WHO Regional Committee for the Eastern Mediterranean: Kuwait City, Kuwait, 5-8 October

With an estimated 170 million people infected with hepatitis B and 17 million with hepatitis C, the Eastern Mediterranean region has one of the highest burdens of viral hepatitis in the world. As momentum to tackle the epidemic builds, hepatitis was discussed at length during the 62nd session of the Regional Committee for the Eastern Mediterranean. Egypt, a country with one of the world’s highest burdens of hepatitis C and a commendable level of commitment to tackle this, delivered a presentation on the current situation and the progress being made to improve treatment access. This was followed by interventions from 10 countries: Saudi Arabia, Pakistan, Tunisia, Morocco, Qatar, Sudan, Islamic Republic of Iran, Lebanon, Iraq and Djibouti. Acknowledging countries’ concerns over the affordability of treatment, the Regional Adviser advised that WHO would provide support to countries in negotiating lower prices but this process is likely to be more difficult in higher income countries. The importance of preventing hepatitis transmission and raising awareness of the risks was also stressed.

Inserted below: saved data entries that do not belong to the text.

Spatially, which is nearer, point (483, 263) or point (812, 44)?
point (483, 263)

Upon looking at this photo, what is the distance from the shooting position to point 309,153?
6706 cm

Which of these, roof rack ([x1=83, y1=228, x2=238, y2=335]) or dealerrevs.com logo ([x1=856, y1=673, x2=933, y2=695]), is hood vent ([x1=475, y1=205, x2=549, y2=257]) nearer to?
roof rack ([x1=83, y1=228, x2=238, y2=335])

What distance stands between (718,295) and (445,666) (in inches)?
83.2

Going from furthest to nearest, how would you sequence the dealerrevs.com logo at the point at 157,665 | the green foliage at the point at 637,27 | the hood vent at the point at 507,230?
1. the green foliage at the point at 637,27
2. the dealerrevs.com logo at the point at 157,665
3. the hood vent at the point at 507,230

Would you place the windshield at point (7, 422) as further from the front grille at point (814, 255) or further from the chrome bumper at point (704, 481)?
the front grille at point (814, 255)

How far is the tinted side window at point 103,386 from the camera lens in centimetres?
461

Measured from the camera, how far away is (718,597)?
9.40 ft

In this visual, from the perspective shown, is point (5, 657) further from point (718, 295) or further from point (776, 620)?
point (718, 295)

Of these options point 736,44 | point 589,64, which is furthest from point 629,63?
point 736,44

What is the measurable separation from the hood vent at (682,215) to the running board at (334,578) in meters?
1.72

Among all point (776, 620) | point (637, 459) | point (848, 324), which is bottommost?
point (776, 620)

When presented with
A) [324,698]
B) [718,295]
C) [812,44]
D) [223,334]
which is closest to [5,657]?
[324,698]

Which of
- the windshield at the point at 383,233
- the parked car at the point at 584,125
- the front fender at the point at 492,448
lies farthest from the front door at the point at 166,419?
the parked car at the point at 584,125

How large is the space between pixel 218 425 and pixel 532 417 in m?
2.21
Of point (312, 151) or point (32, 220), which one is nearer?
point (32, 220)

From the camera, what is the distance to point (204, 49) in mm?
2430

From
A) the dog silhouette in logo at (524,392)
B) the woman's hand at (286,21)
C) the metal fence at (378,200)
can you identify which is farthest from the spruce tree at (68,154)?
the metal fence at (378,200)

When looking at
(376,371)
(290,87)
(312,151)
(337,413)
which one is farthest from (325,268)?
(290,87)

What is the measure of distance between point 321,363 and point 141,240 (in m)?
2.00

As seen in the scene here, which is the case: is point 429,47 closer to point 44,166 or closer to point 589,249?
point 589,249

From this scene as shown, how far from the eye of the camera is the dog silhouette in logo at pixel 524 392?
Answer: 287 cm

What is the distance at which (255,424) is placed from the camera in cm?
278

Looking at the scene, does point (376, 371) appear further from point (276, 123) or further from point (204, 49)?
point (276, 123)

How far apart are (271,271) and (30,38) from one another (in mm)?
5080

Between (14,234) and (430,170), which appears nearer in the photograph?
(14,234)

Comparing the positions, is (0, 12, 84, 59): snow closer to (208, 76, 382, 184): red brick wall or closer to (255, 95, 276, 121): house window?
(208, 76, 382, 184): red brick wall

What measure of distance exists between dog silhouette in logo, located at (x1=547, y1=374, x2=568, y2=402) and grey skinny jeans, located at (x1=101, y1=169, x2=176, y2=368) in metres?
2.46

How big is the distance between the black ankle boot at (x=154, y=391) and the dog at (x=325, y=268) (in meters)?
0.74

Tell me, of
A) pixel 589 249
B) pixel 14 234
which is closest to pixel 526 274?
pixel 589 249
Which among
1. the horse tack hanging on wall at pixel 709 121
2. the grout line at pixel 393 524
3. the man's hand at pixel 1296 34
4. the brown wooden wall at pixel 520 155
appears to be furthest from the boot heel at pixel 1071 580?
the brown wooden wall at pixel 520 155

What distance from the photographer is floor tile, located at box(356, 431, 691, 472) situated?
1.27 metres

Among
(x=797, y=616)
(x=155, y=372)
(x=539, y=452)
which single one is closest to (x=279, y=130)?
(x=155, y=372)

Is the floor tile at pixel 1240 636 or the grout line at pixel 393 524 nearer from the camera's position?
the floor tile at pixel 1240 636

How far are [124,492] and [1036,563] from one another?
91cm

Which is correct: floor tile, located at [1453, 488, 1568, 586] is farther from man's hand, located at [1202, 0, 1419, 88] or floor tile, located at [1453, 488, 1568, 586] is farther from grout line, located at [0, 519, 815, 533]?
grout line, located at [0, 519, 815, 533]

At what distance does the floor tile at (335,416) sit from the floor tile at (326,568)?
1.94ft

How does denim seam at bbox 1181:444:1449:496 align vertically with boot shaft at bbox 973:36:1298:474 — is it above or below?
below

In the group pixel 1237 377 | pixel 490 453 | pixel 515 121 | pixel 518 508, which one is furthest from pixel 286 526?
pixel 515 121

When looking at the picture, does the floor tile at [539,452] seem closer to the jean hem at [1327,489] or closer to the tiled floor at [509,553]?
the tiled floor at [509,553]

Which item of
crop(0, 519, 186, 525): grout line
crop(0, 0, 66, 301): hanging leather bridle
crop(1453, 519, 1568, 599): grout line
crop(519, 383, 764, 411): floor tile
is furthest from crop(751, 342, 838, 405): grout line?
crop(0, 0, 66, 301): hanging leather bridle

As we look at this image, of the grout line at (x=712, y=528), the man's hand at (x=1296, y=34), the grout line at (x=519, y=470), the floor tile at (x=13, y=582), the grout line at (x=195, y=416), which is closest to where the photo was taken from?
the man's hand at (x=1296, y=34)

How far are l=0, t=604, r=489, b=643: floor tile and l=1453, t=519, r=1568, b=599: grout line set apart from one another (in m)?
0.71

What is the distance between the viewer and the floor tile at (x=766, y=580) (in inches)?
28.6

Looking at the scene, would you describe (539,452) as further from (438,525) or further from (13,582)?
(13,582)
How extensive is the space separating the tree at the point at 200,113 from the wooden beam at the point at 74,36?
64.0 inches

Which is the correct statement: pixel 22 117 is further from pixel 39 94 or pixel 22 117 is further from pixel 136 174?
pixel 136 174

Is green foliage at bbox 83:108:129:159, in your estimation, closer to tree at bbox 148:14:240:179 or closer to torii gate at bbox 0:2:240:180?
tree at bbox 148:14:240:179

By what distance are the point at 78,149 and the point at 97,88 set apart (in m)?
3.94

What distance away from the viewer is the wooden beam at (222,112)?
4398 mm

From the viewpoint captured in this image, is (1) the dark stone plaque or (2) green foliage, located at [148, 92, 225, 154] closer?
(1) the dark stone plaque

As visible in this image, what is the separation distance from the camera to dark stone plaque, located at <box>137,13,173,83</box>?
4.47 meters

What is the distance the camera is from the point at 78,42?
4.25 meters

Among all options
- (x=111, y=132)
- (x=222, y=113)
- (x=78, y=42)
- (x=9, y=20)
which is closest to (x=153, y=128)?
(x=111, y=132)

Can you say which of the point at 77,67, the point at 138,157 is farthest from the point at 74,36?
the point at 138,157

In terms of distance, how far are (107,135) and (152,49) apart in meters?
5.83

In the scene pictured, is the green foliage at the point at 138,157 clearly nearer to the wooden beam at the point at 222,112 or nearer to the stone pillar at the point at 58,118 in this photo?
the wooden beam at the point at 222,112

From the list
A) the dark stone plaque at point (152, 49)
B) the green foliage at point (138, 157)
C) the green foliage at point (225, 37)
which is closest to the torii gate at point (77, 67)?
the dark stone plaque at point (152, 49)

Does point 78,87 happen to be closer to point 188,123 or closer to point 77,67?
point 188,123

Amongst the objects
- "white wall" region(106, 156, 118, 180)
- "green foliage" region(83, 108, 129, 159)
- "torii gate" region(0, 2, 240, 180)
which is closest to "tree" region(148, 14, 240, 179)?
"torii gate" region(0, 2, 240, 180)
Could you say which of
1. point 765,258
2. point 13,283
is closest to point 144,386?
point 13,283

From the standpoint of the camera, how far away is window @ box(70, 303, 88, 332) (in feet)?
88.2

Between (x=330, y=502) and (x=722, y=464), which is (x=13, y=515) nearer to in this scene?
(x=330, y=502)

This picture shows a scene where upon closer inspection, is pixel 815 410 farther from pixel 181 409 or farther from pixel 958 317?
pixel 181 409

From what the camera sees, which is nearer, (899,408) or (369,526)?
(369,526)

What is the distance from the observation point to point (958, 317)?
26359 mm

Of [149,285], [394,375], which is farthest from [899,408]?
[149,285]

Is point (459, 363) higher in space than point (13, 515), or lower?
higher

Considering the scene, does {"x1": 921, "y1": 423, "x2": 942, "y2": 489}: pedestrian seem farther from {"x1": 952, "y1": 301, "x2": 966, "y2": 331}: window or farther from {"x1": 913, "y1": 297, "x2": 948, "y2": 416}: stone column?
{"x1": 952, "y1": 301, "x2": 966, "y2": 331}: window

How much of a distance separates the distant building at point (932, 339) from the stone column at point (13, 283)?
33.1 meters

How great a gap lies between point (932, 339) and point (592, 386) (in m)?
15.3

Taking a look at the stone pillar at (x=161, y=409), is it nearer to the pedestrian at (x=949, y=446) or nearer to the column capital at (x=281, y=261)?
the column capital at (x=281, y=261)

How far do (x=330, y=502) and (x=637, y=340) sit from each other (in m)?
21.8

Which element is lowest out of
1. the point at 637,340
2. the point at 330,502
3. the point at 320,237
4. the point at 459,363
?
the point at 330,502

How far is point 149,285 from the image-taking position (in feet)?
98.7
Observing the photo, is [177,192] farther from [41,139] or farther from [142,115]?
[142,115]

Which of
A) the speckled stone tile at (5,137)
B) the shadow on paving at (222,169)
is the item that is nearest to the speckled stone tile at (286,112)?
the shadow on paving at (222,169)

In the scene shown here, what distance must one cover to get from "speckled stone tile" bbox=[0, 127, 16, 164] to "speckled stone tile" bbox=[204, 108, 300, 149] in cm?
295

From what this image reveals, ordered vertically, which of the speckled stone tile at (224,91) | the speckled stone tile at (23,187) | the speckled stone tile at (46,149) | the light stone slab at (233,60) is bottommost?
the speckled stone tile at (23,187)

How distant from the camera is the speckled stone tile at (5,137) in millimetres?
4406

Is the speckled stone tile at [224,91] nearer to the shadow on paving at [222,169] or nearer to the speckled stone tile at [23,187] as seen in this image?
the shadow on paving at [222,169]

WHO Regional Committee for the Western Pacific: Guam, United States of America, 12-16 October

Despite the fact that only a quarter of the world’s population live in the Western Pacific region, it bears 40% of global deaths from viral hepatitis, with more than 1,500 lives lost each day. On the second day of the 66th session of the Regional Committee for the Western Pacific, Member States recognised the increasing need to tackle hepatitis within the region and approved the Regional Action Plan for Viral Hepatitis 2016-2020. WHO Regional Director for the Western Pacific, Dr Shin Young-soo thanked Member States for assisting in the development of the plan and stated that “with the success of hepatitis B vaccination over the past 15 years, now is the time to move to the next phase in addressing hepatitis and to provide access to timely diagnosis and treatment for the hundreds of millions living with the often devastating consequences of chronic viral hepatitis.” The region has had significant success in fighting hepatitis B thanks to immunization efforts, with the region having met the 2012 milestone of less than 2% chronic hepatitis B prevalence among 5 year old children. 12 countries in the region have also already reached the 2017 target of prevalence at less than 1%. The newly adopted Regional Action Plan goes beyond immunization and includes tools for improved screening, care and treatment. During the session 18 Member States voiced their support for the Action Plan, although stressed that the high price of hepatitis C drugs is still a significant barrier to tackling the disease. Dr Gottfried Hirnschall, Director of the WHO HIV/AIDS Department and Global Hepatitis Programme, drew the session to a close by highlighting the World Hepatitis Summit for its role in assisting countries develop and implement national hepatitis strategies.

The WHO Regional Committee for South-East Asia region was held 7-11 September in Timor, Dili, Timor-Leste. Viral hepatitis did not make it onto the agenda. The dates for WHO Regional Committee for the African region will take place in N'Djamena, Chad, from 23 to 27 November 2015.